WORK ITEM: Each entry should be repeated exactly. Its pictures should not be.

INPUT DATA:
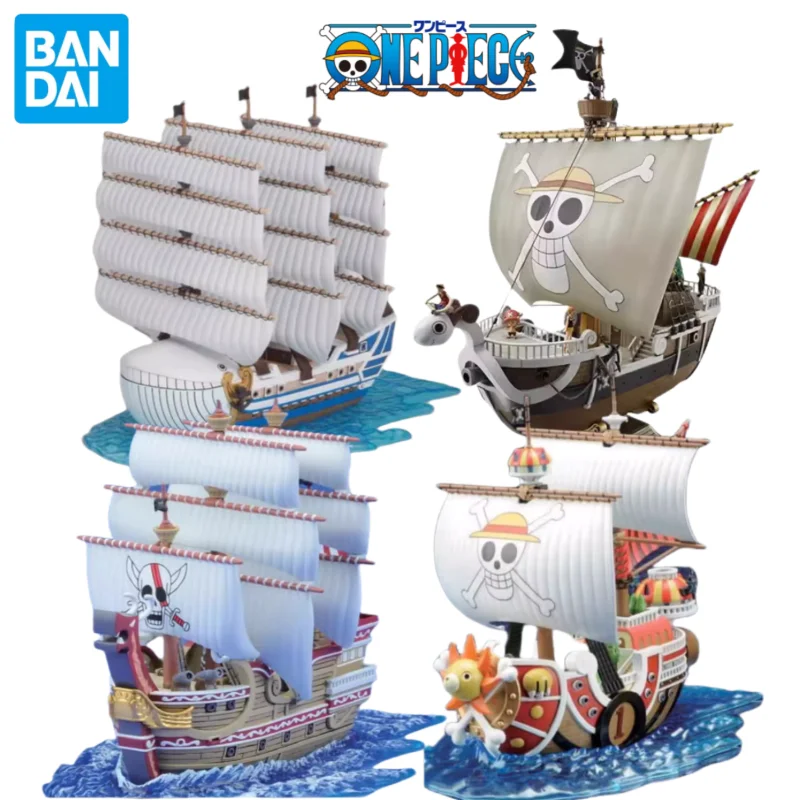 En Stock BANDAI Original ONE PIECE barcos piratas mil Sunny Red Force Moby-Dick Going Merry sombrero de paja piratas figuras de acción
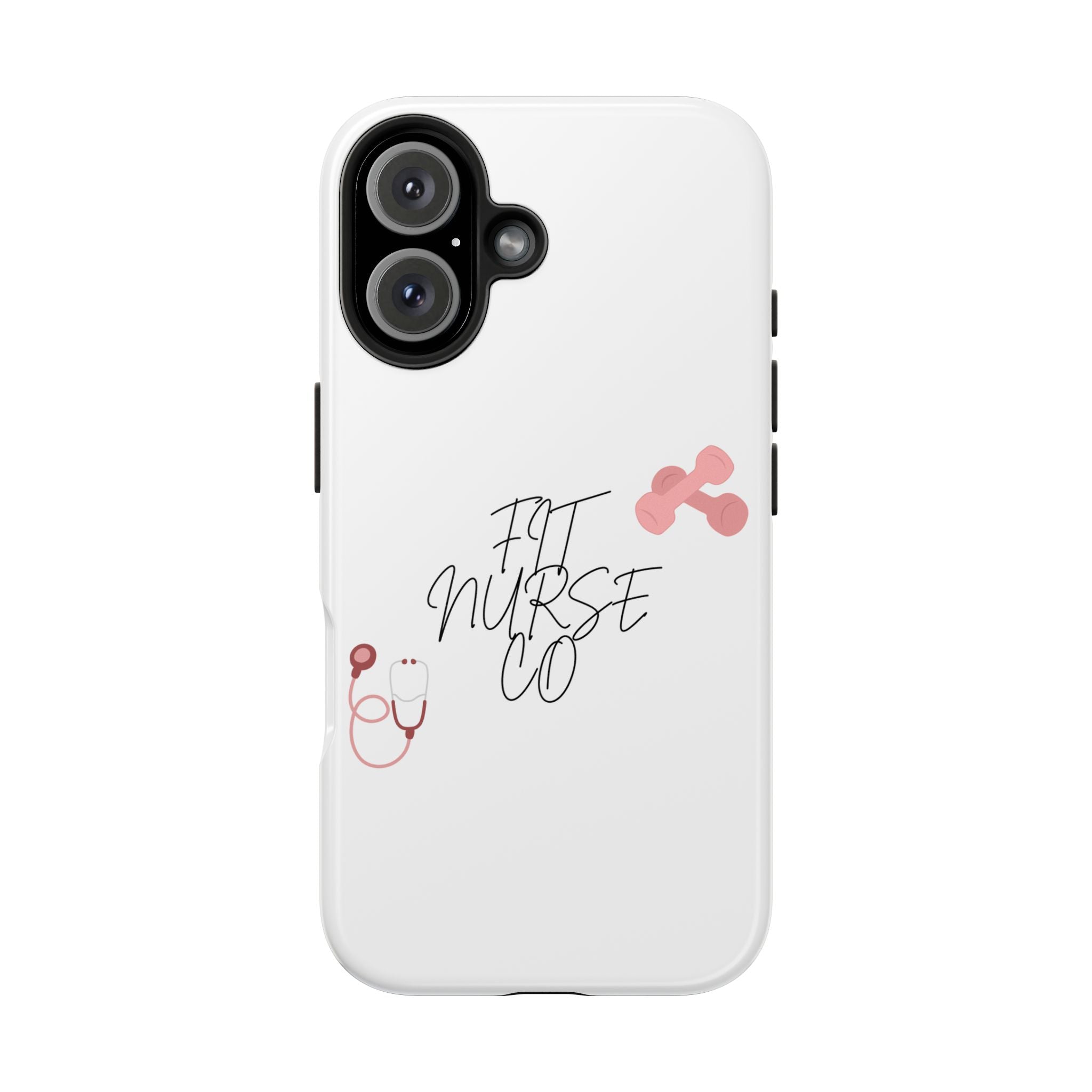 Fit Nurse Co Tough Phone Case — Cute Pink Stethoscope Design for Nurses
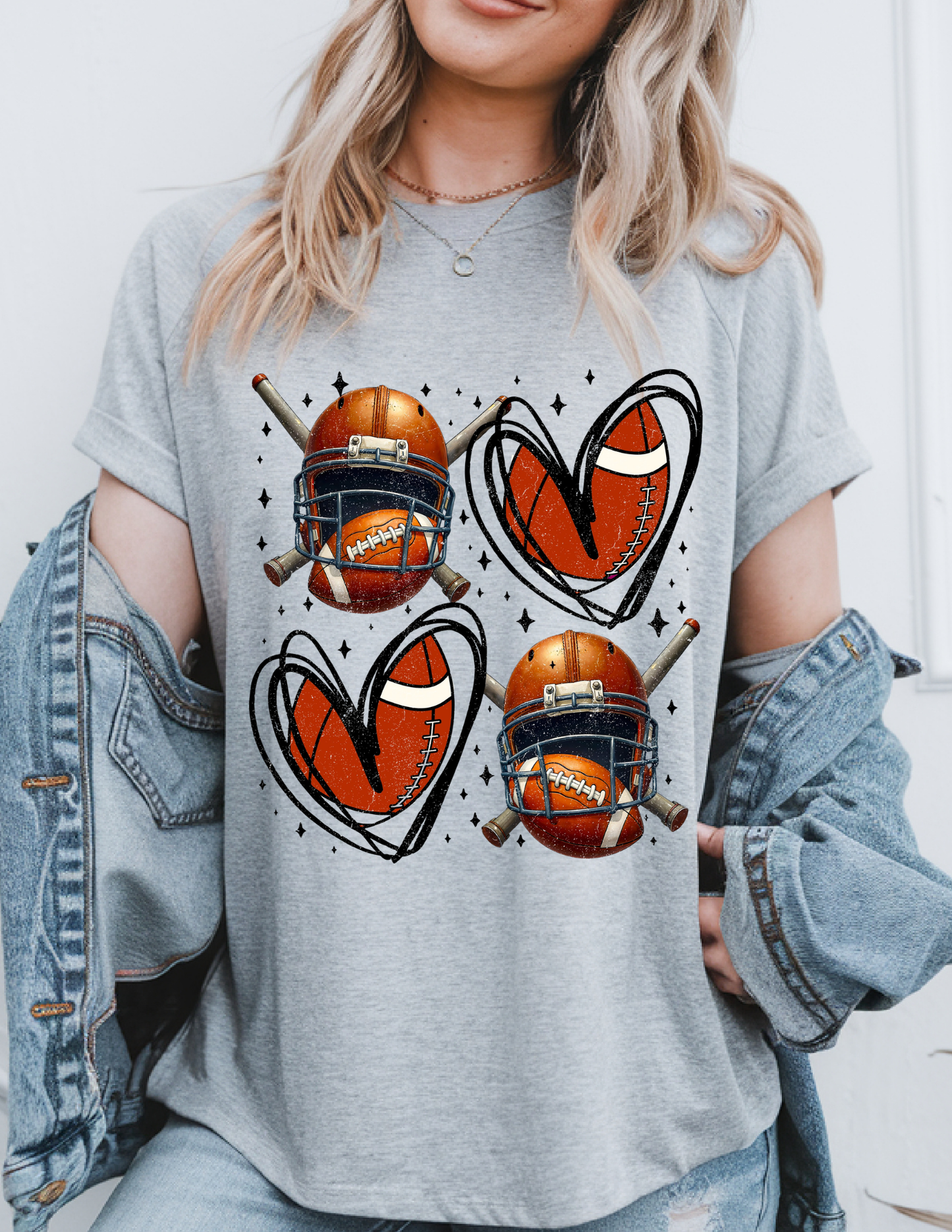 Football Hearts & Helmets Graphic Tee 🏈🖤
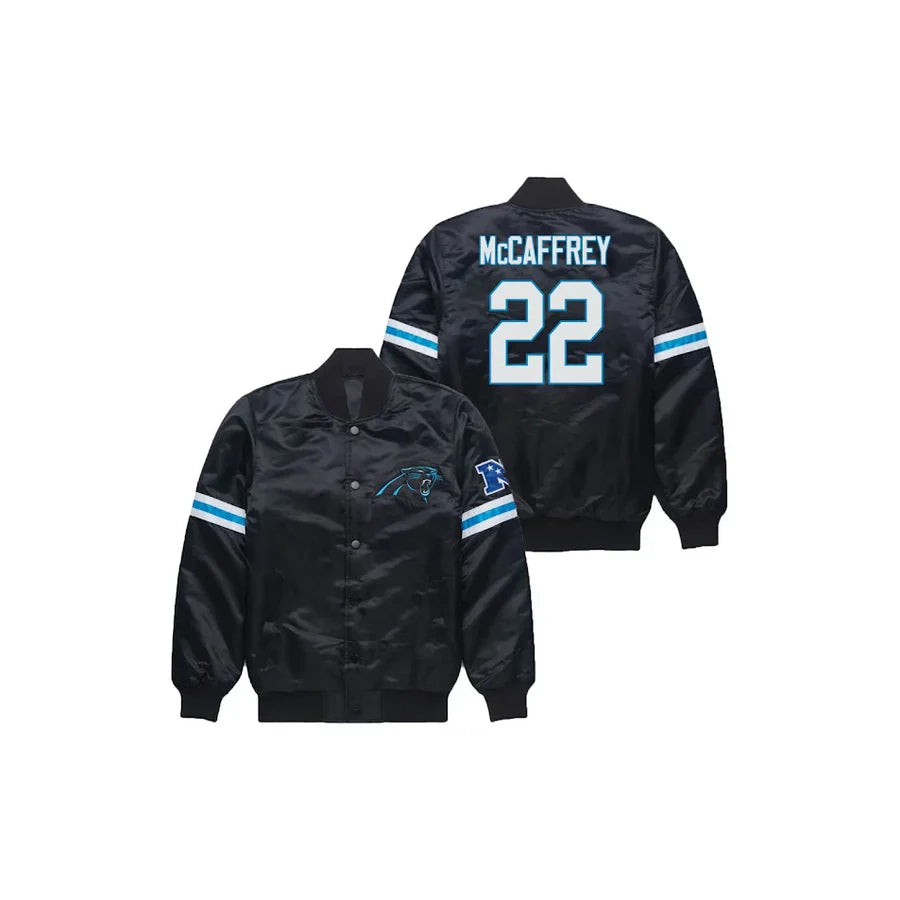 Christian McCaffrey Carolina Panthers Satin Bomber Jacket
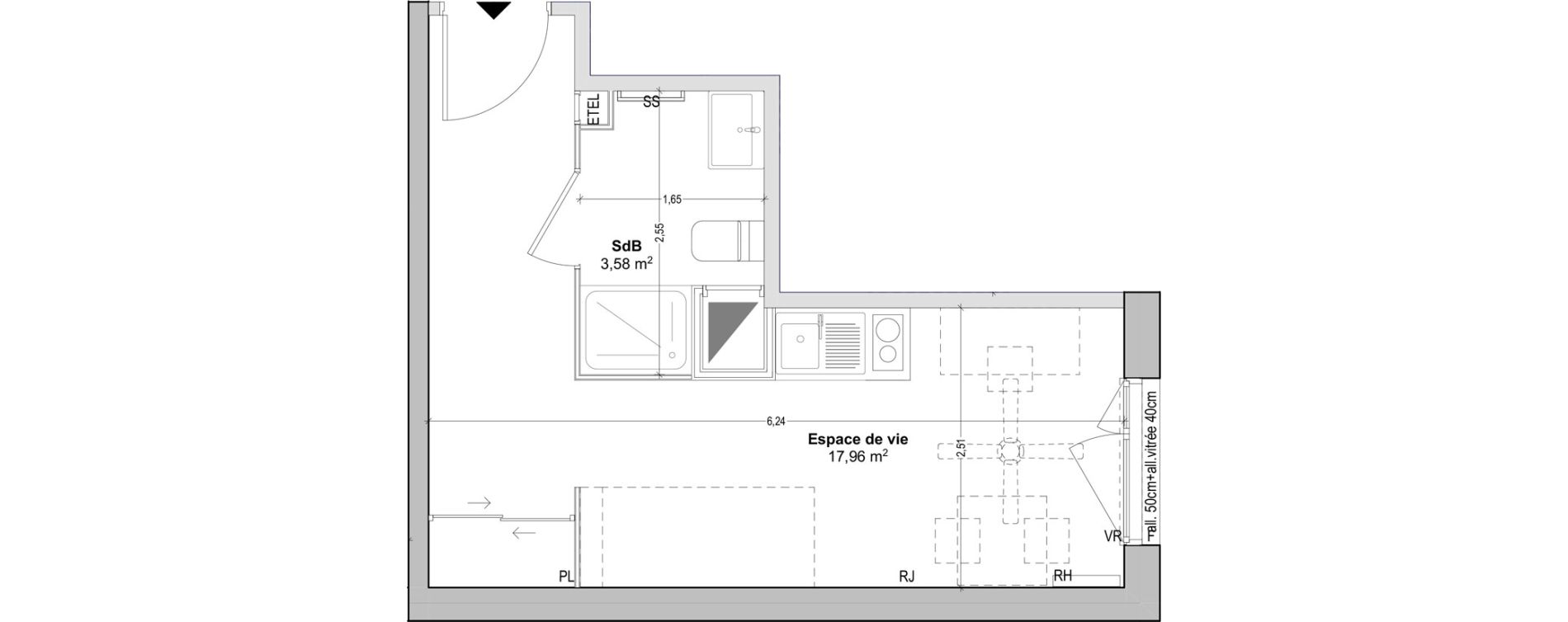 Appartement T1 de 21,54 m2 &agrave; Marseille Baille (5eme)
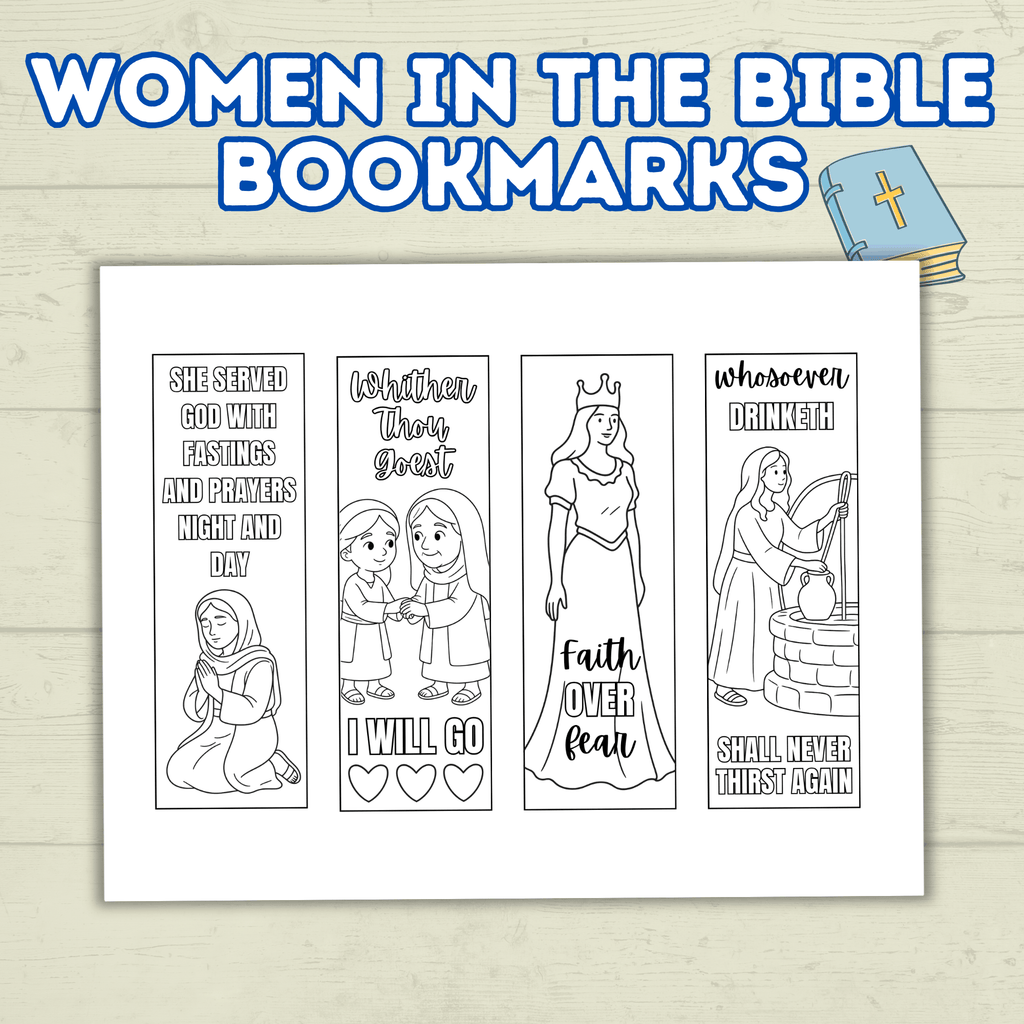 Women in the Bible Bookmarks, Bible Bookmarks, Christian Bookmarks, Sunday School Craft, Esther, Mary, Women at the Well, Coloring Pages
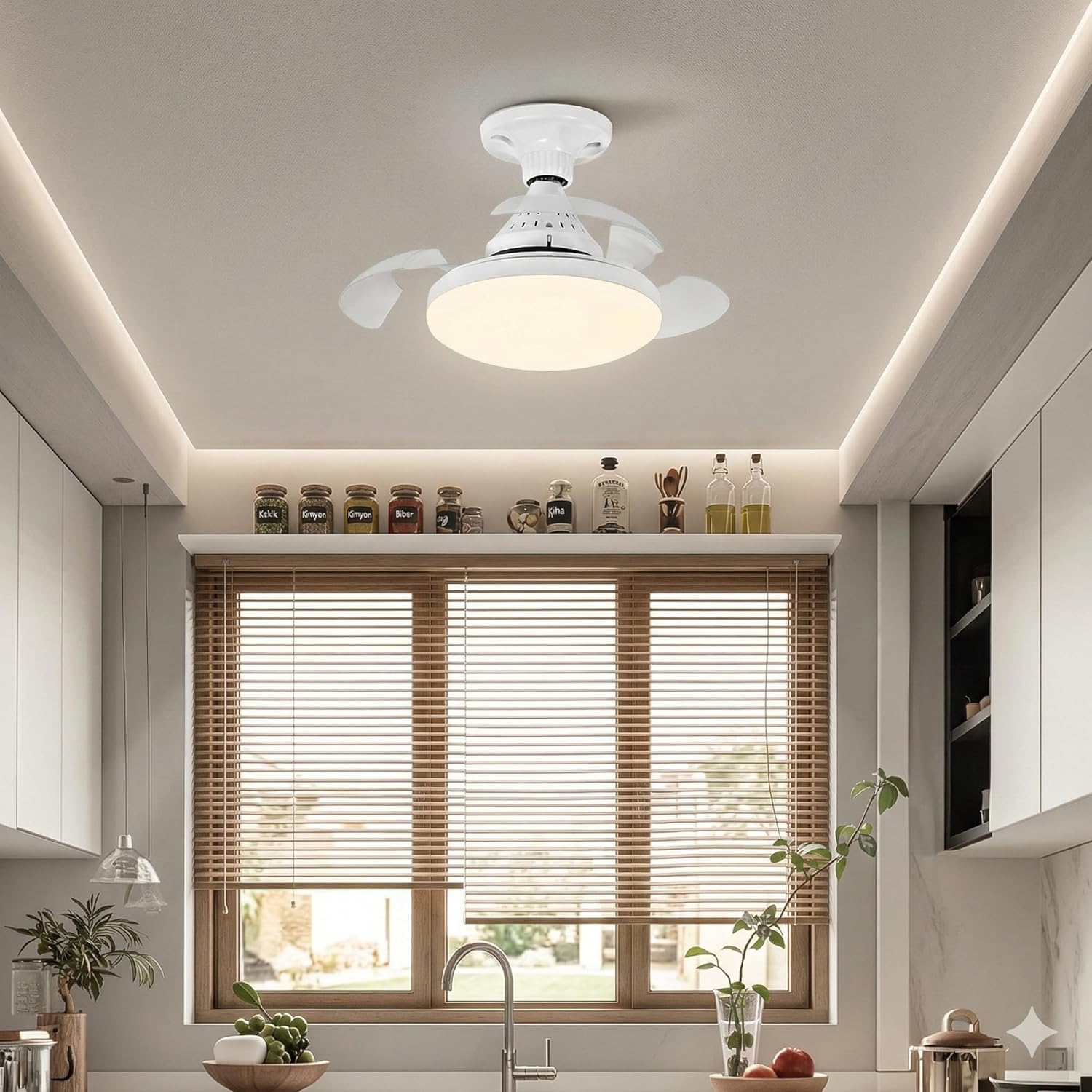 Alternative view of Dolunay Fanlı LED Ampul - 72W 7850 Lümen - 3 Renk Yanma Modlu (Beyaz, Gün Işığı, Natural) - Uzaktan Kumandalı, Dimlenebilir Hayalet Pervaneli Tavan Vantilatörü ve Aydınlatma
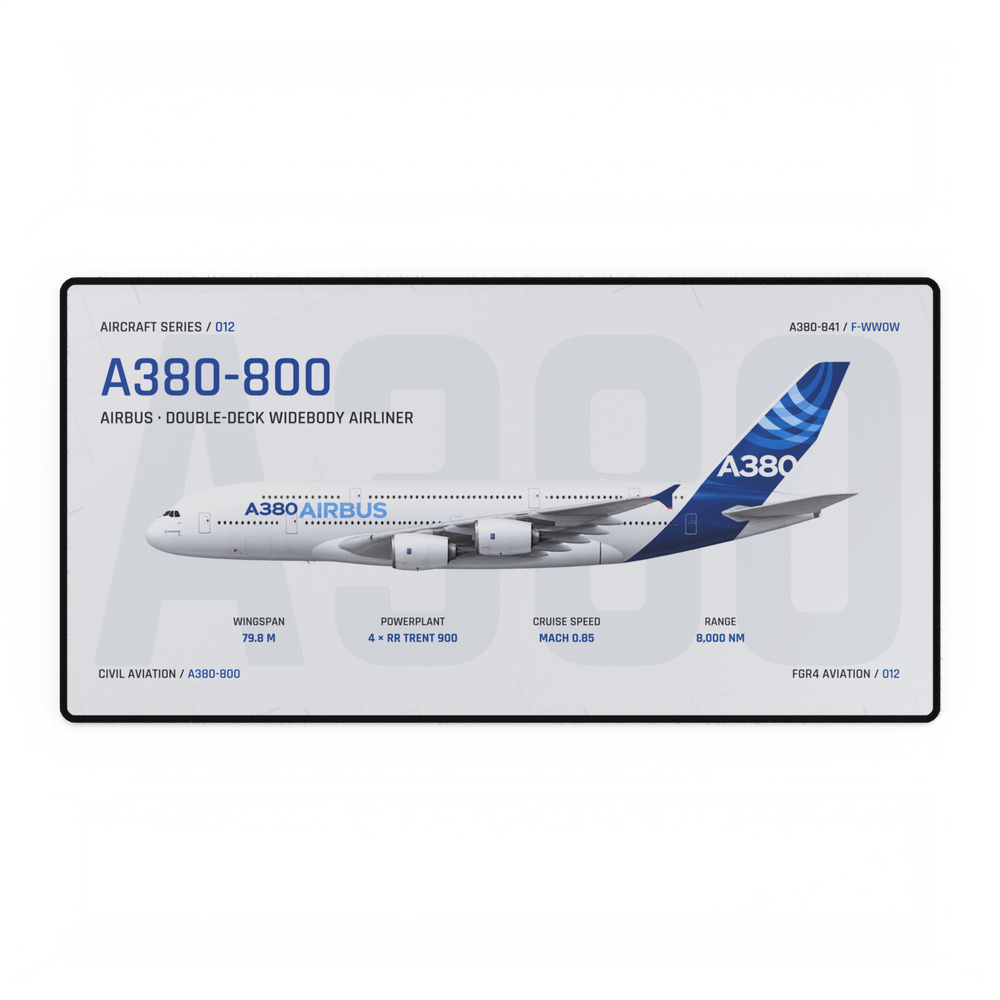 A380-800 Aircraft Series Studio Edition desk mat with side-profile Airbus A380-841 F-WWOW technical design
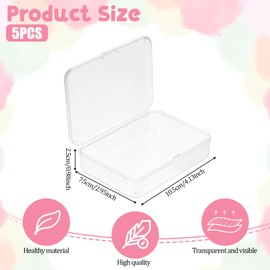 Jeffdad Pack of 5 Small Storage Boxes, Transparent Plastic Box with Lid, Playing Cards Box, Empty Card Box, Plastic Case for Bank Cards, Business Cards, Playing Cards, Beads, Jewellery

RESPONSE TO THE TASK:
 En Stock BANDAI Original ONE PIECE barcos piratas mil Sunny Red Force Moby-Dick Going Merry sombrero de paja piratas figuras de acción
 Fit Nurse Co Tough Phone Case — Cute Pink Stethoscope Design for Nurses
 Football Hearts & Helmets Graphic Tee 🏈🖤
 Christian McCaffrey Carolina Panthers Satin Bomber Jacket
 Appartement T1 de 21,54 m2 &agrave; Marseille Baille (5eme)
 Women in the Bible Bookmarks, Bible Bookmarks, Christian Bookmarks, Sunday School Craft, Esther, Mary, Women at the Well, Coloring Pages
 Alternative view of Dolunay Fanlı LED Ampul - 72W 7850 Lümen - 3 Renk Yanma Modlu (Beyaz, Gün Işığı, Natural) - Uzaktan Kumandalı, Dimlenebilir Hayalet Pervaneli Tavan Vantilatörü ve Aydınlatma
 A380-800 Aircraft Series Studio Edition desk mat with side-profile Airbus A380-841 F-WWOW technical design
 Jeffdad Pack of 5 Small Storage Boxes, Transparent Plastic Box with Lid, Playing Cards Box, Empty Card Box, Plastic Case for Bank Cards, Business Cards, Playing Cards, Beads, Jewellery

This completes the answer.